- [Problem to solve] Copy only the lines from the one containing "Property photo of" through the final line of the records below, exactly as written, with no pictures.

- [Given records]
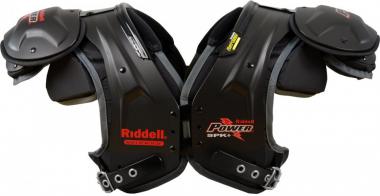 Riddell SPK+ RB/DB 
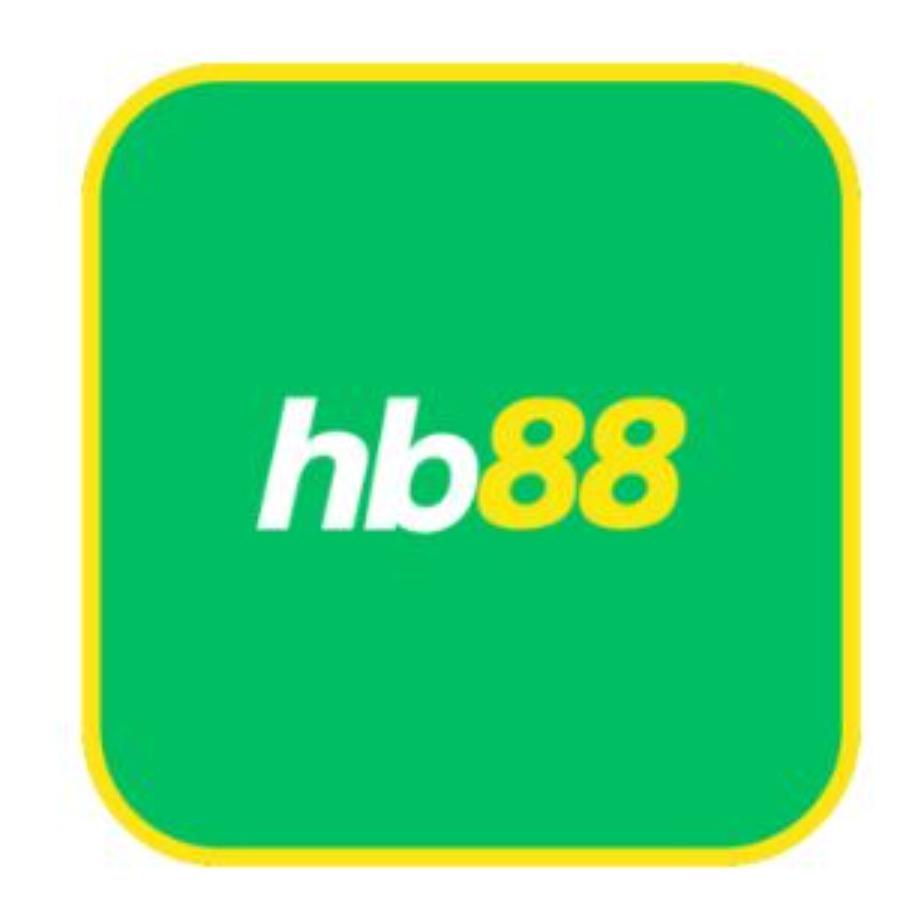 hb88repair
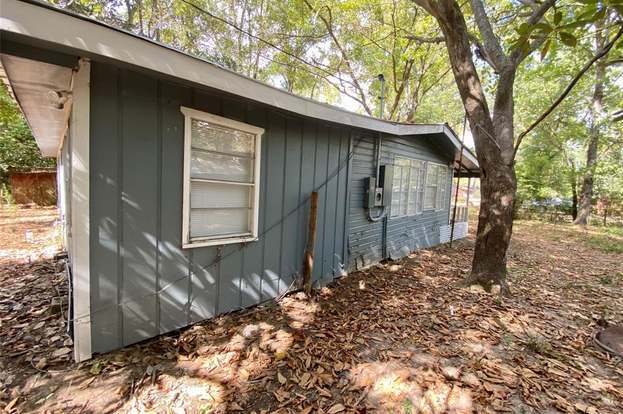 Building Photo - 520 Co Rd 4151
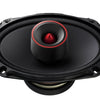 Pioneer_TS-6900PRO_Front Image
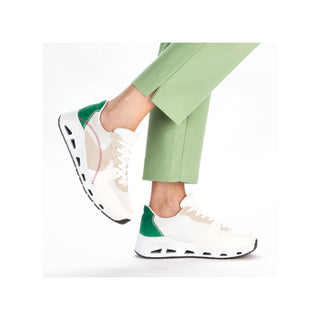 Rieker Women's Shoes | N5240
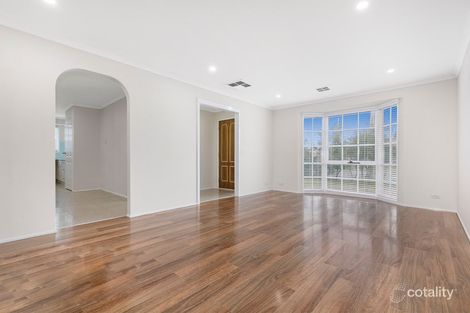 Property photo of 173 Hothlyn Drive Craigieburn VIC 3064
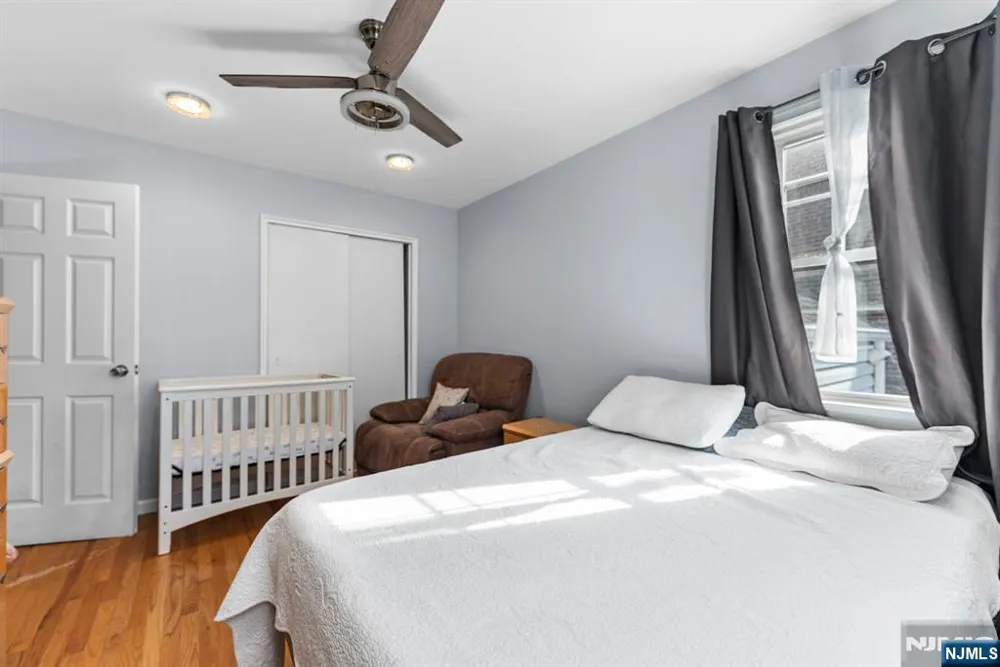789 Harvard Place Cliffside Park, NJ 07010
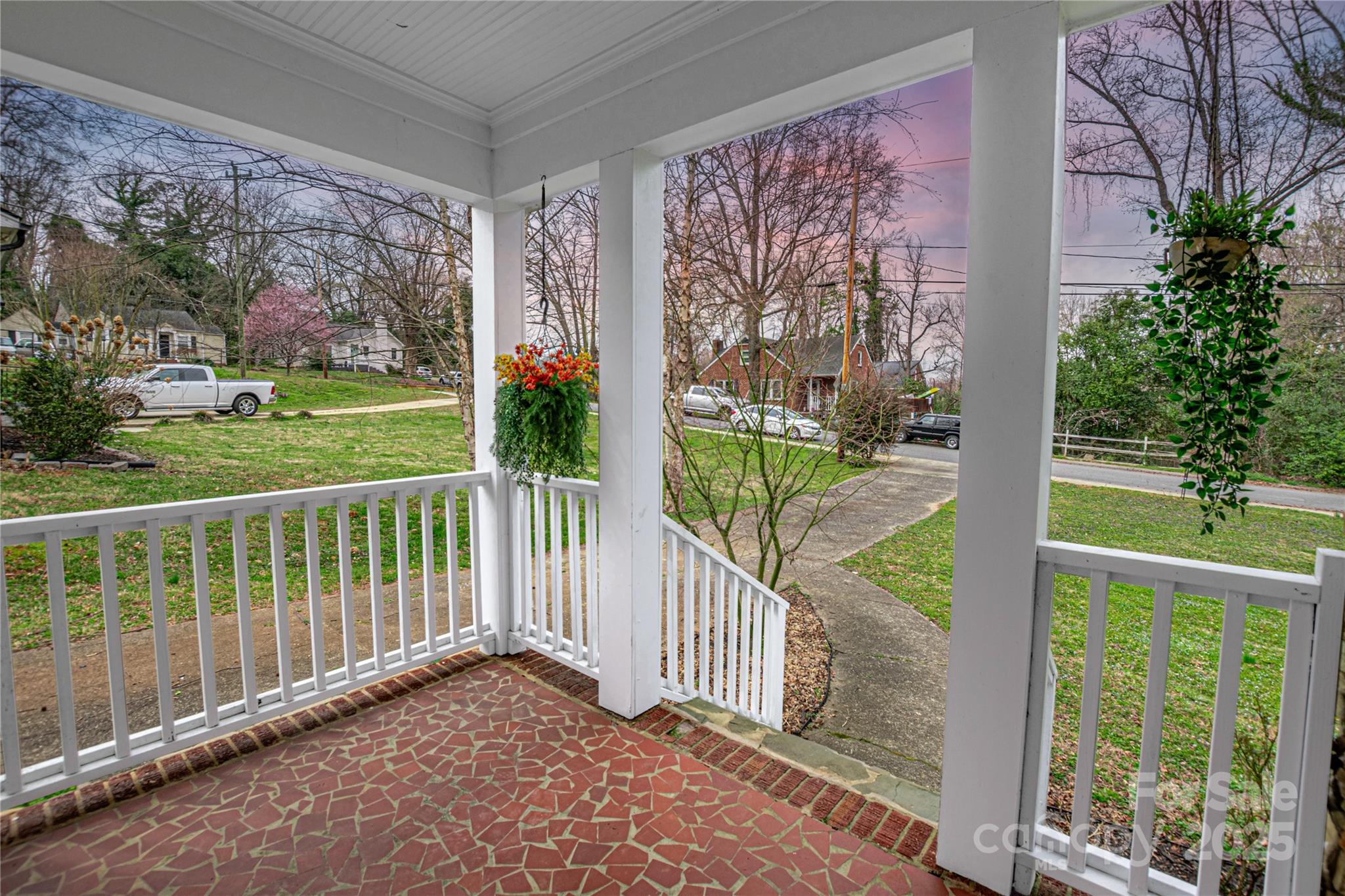 4010 Hiddenbrook Drive
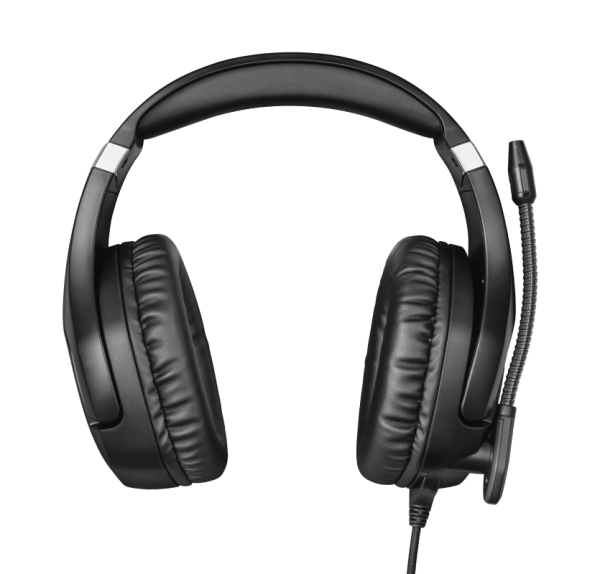 Trust GXT 488 Forze Kablolu Kulaklık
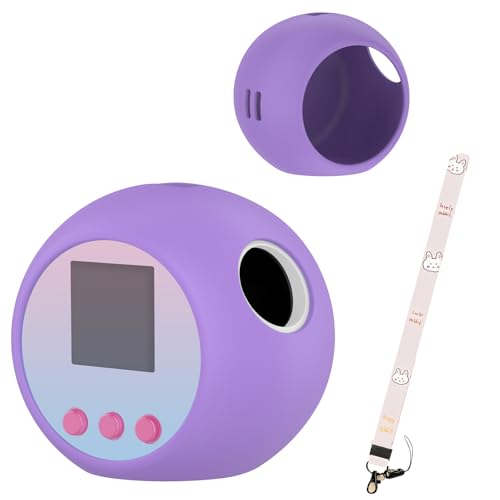 For ^Jg~[(TAKARA TOMY) Ղɂ TILN^[Y P[X Jo[ yYANMONGIzیJo[ VRیP[X уfUC [`F[t h~ Xgbvt h ho wh~ LYh~ Sʕی(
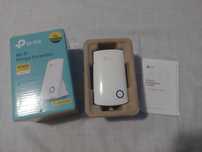 Wi-Fi Range Extender Tp-Link
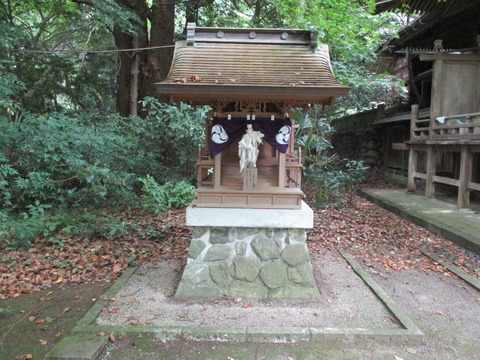 207祓戸大神1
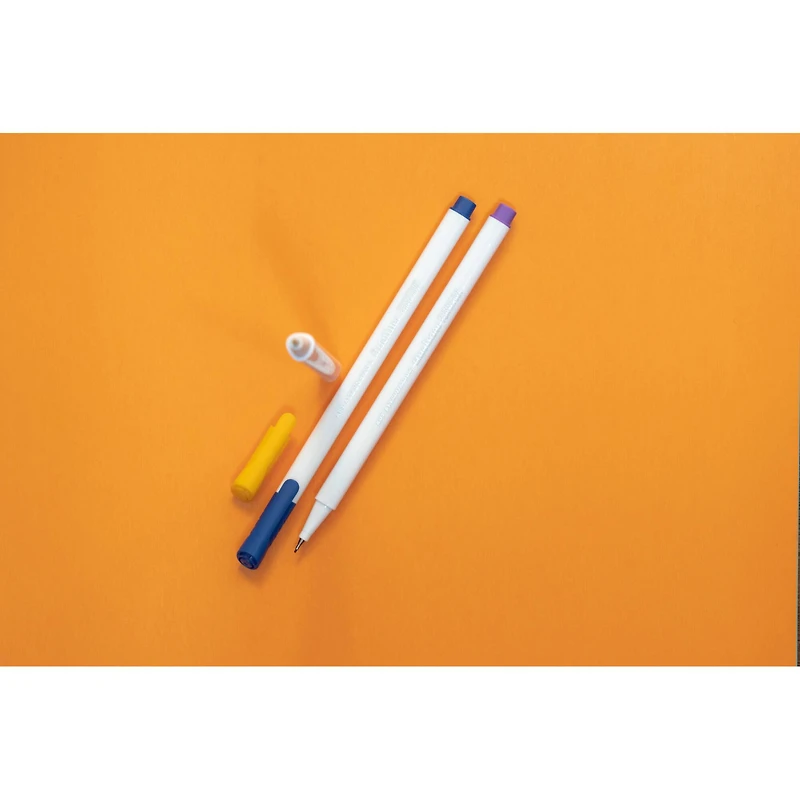 Art Alternatives Fineline Pen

- [Exercise solution]
 Property photo of 173 Hothlyn Drive Craigieburn VIC 3064
789 Harvard Place Cliffside Park, NJ 07010
 4010 Hiddenbrook Drive
 Trust GXT 488 Forze Kablolu Kulaklık
 For ^Jg~[(TAKARA TOMY) Ղɂ TILN^[Y P[X Jo[ yYANMONGIzیJo[ VRیP[X уfUC [`F[t h~ Xgbvt h ho wh~ LYh~ Sʕی(
 Wi-Fi Range Extender Tp-Link
 207祓戸大神1
 Art Alternatives Fineline Pen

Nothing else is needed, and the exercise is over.